A principal inovação do OE2022 consiste na introdução de um programa-piloto no que respeita à orçamentação por objectivos. Trata-se de uma inovação que vem com 7 anos de atraso, depois de ter sido plasmada na lei 151/2015, mas nunca implementada até hoje. Infelizmente, para além do atraso, o programa-piloto – estabelecido no âmbito do Ministério do Mar e que tem como propósito associar a despesa pública à obtenção de objectivos extra-orçamentais (v.g., exportações da economia do Mar em percentagem das exportações totais) – é pequeno (174 milhões) e a tabela (3.64) na qual se indicam as metas a atingir em 2022 não contém os valores que servem de ponto de partida. Esperemos que a tabela seja corrigida nas próximas semanas.

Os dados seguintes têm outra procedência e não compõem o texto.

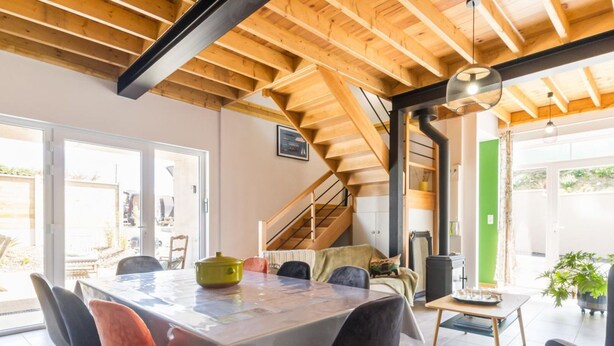 Interior - Bright house with terrace and private garden near the beach (Bretteville)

Em suma, a proposta de OE2022 aponta para uma maior estatização da economia no novo normal, uma enormíssima dependência da Europa para a realização de investimentos e modernização da máquina estatal, e bem assim para uma perda de autonomia orçamental a médio prazo.
Uma última nota para referir a situação da dívida pública. O sumário-executivo da proposta OE2022, que dança à volta do assunto sem nunca referir explicitamente o valor em percentagem do PIB, bem pode tentar a quadratura do círculo a fim de reduzir a importância do endividamento. Mas dada a fantasia associada às premissas subjacente à análise de sustentabilidade da dívida pública (vide p.369) qualquer pequeno abalo na economia será suficiente para criar um terramoto creditício. Convinha não abusar da sorte.